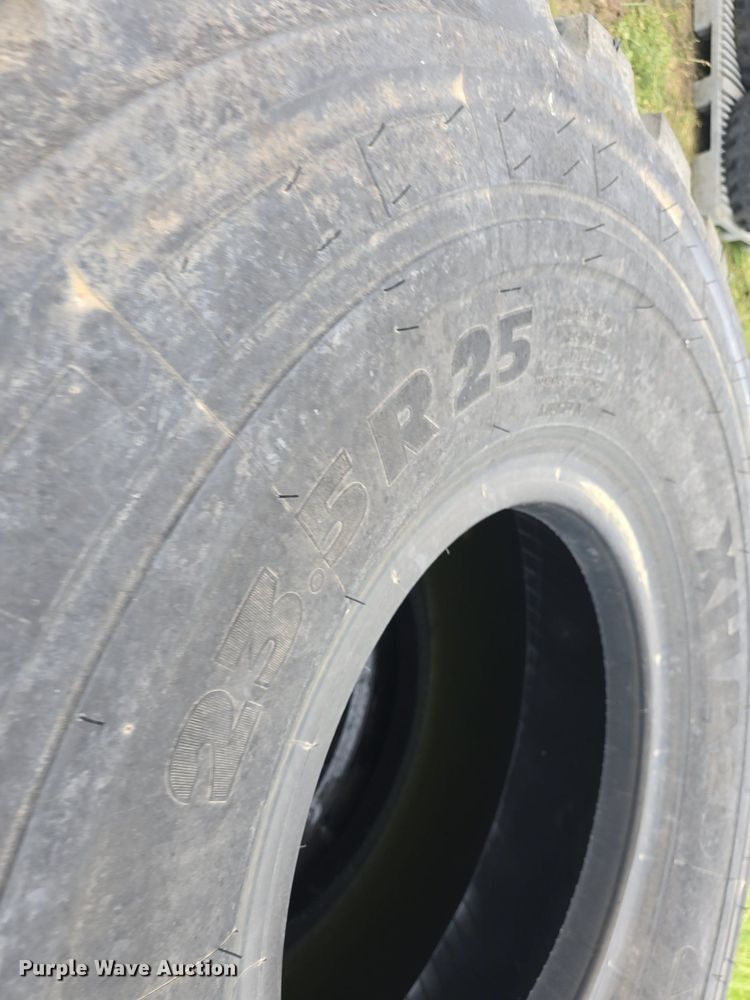 image for item EK6056 (4) Michelin 23.5R25 tires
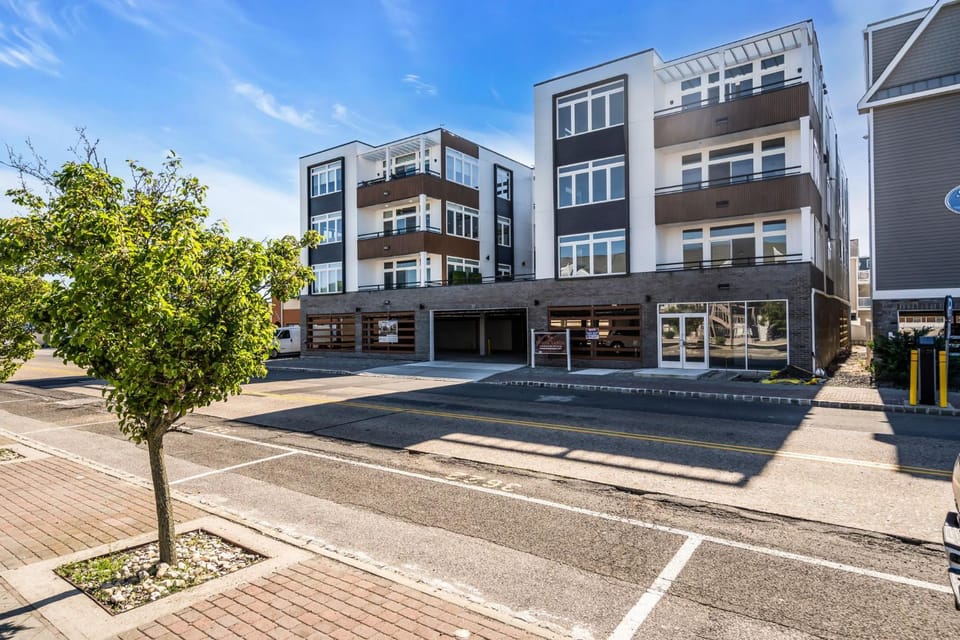Property building, Facade/entrance, Balcony/Terrace, Street view, Parking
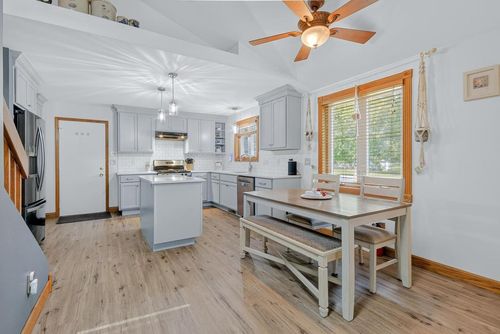 N6839 Donlin Dr, Pardeeville, WI, 53954-9476 | Card Image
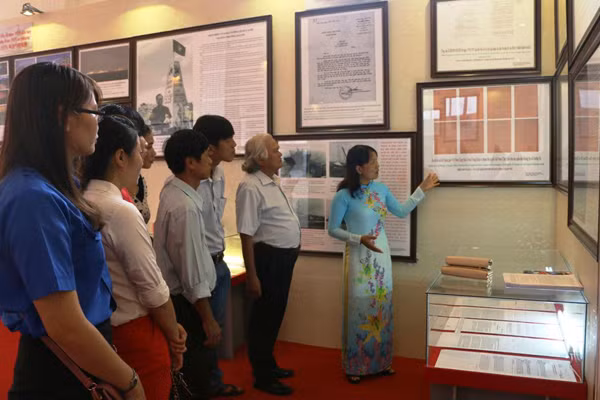 Exposition de cartes et d'archives sur Hoang Sa et Truong Sa à Binh Phuoc ảnh 1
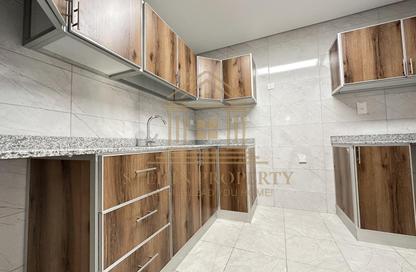 Apartment - 2 Bedrooms - 3 Bathrooms for rent in Musheireb Apartments - Musheireb - Doha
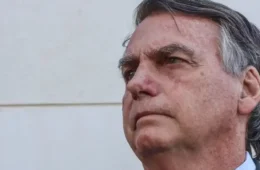 Bolsonaro tem alta de hospital e volta para prisão domiciliar após cirurgia no ombro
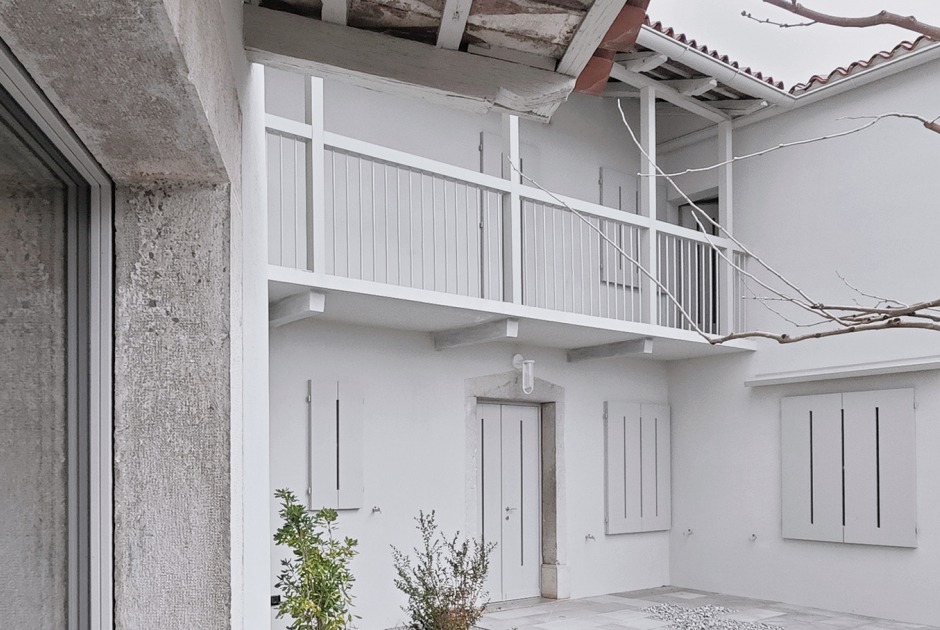 Avber House by OFIS arhitekti. Photograph by Janez Martinčič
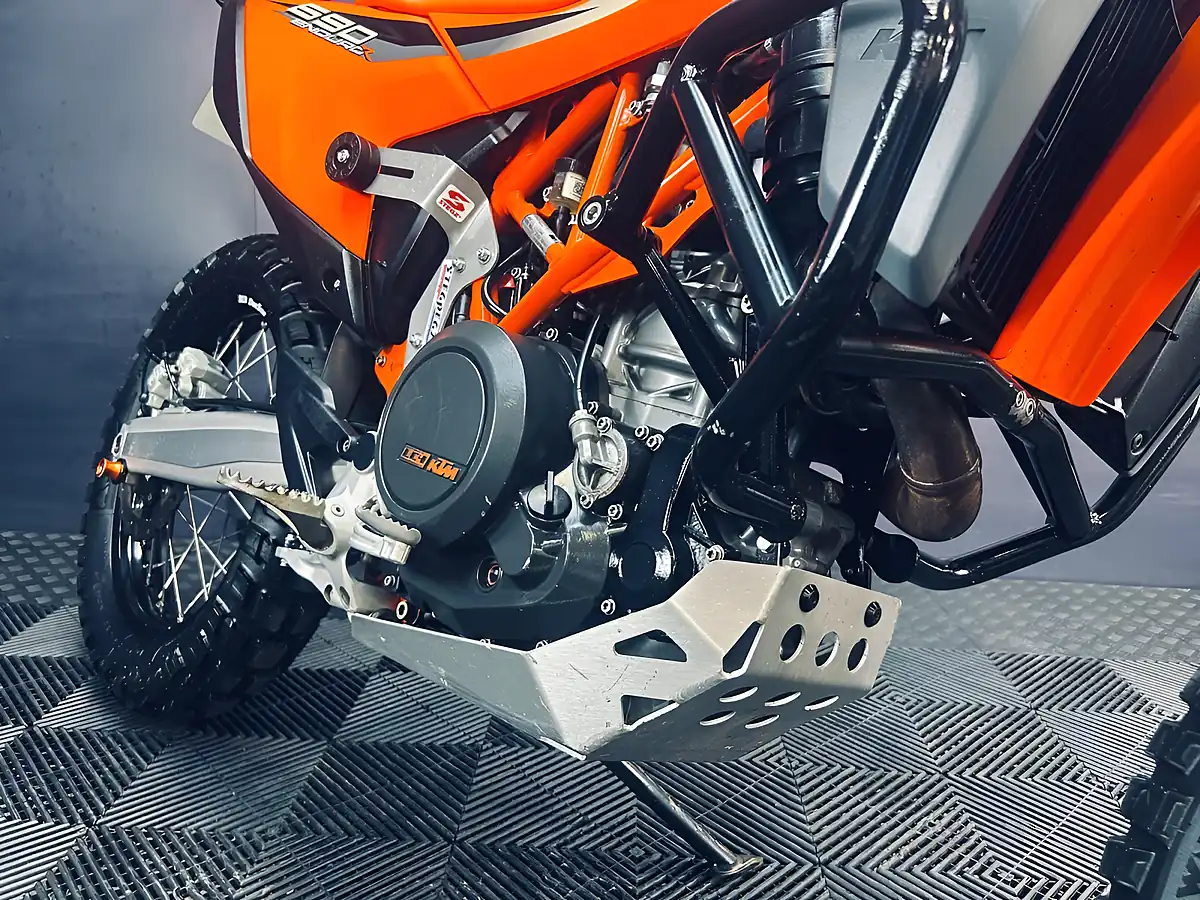 Used 2023 Ktm 690 Enduro R Orange - Interior and Exterior details 10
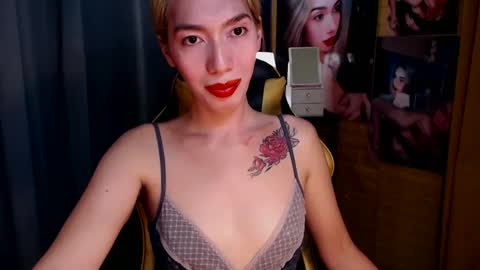 Snapshot of aurakharisma_xx chatting on February 2025 05:29:01 AM Miss awra online show from February 2025 05:29:01 AM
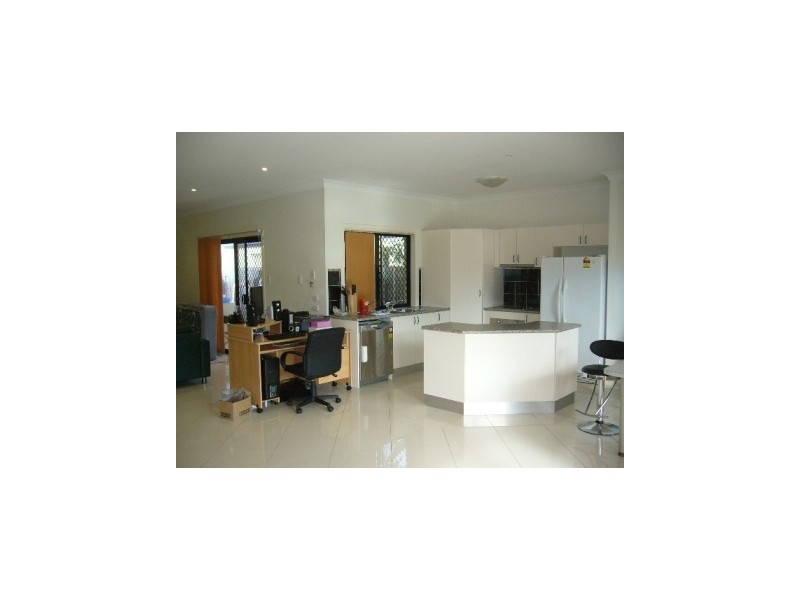 11 Wyperfield Court, North Lakes QLD 4509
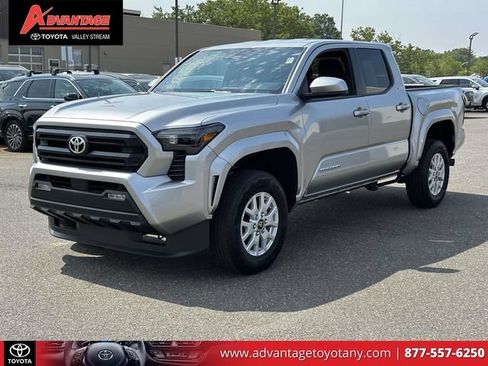 Used 2026 Toyota Tacoma SR5 AWD/4WD image 4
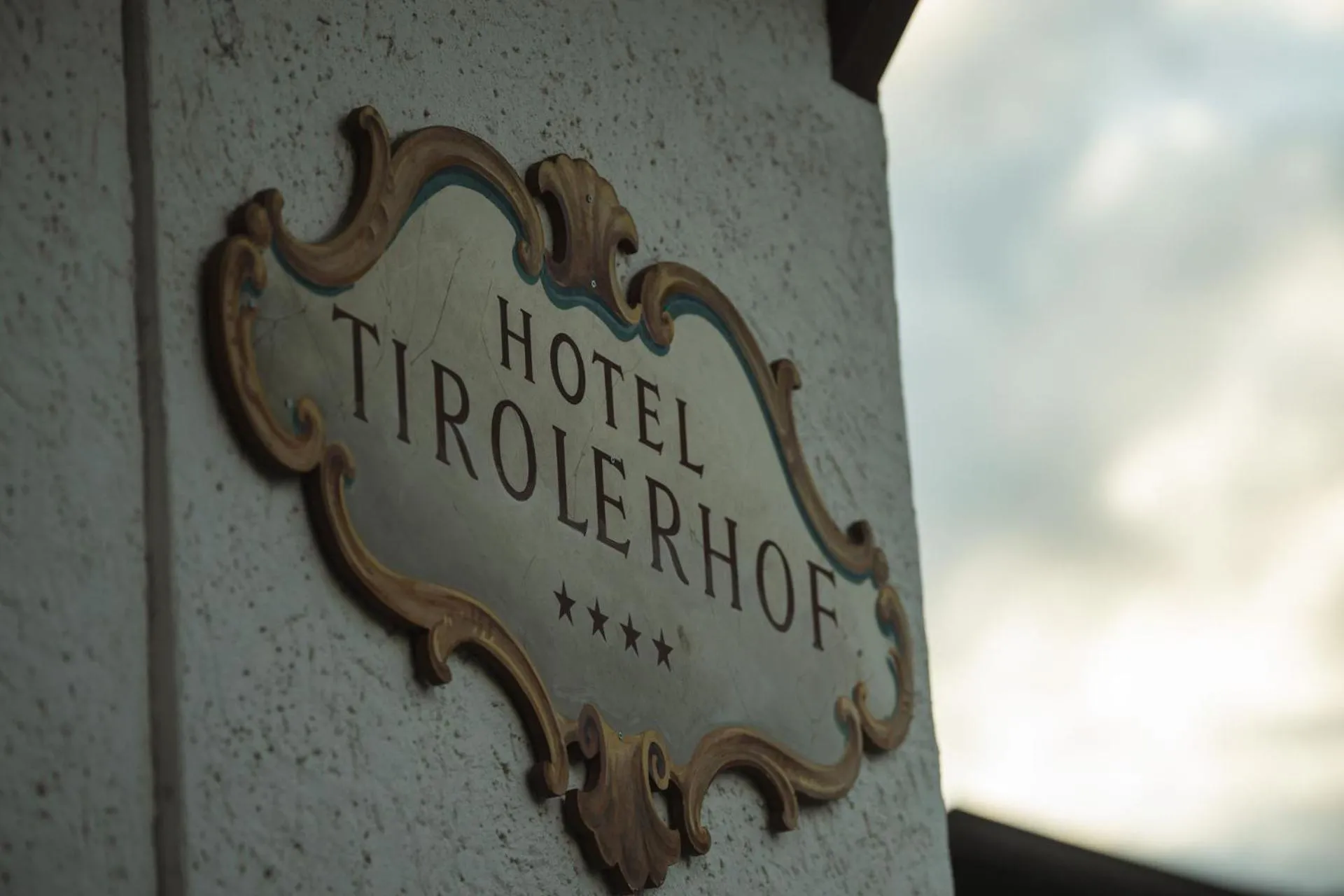Logo/Certificate/Sign in Hotel Tirolerhof - Familotel Zugspitze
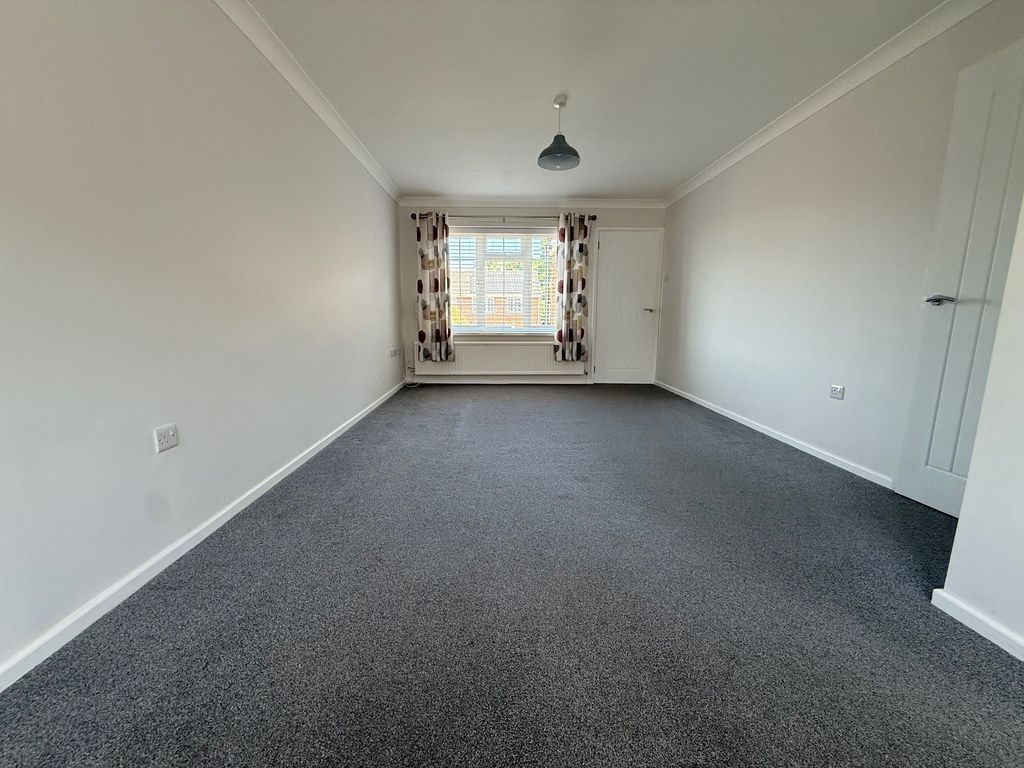 Property photo 3 of 13 Lounge Area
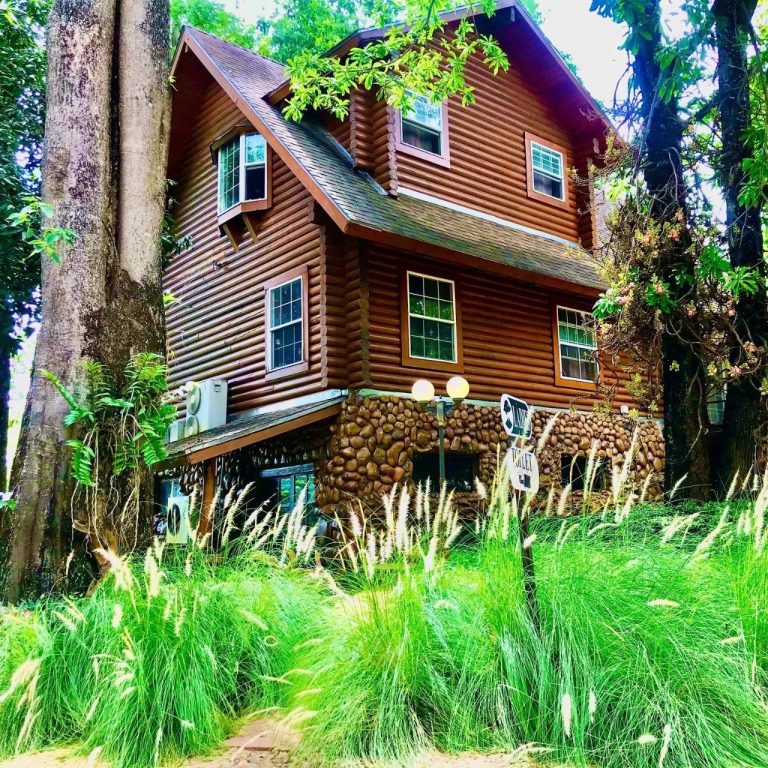 Large teak wood house for sale, surrounded by nature on over 1 rai of land, with the option adding at Chiang Mai.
◇ ◇ ◇
TASK INSTRUCTIONS: Except for the pictures, give the data again word for word.

YOUR SOLUTION:
 image for item EK6056 (4) Michelin 23.5R25 tires
Property building, Facade/entrance, Balcony/Terrace, Street view, Parking
 N6839 Donlin Dr, Pardeeville, WI, 53954-9476 | Card Image
 Exposition de cartes et d'archives sur Hoang Sa et Truong Sa à Binh Phuoc ảnh 1
 Apartment - 2 Bedrooms - 3 Bathrooms for rent in Musheireb Apartments - Musheireb - Doha
 Bolsonaro tem alta de hospital e volta para prisão domiciliar após cirurgia no ombro
 Avber House by OFIS arhitekti. Photograph by Janez Martinčič
 Used 2023 Ktm 690 Enduro R Orange - Interior and Exterior details 10
 Snapshot of aurakharisma_xx chatting on February 2025 05:29:01 AM Miss awra online show from February 2025 05:29:01 AM
 11 Wyperfield Court, North Lakes QLD 4509
 Used 2026 Toyota Tacoma SR5 AWD/4WD image 4
Logo/Certificate/Sign in Hotel Tirolerhof - Familotel Zugspitze
 Property photo 3 of 13 Lounge Area
 Large teak wood house for sale, surrounded by nature on over 1 rai of land, with the option adding at Chiang Mai.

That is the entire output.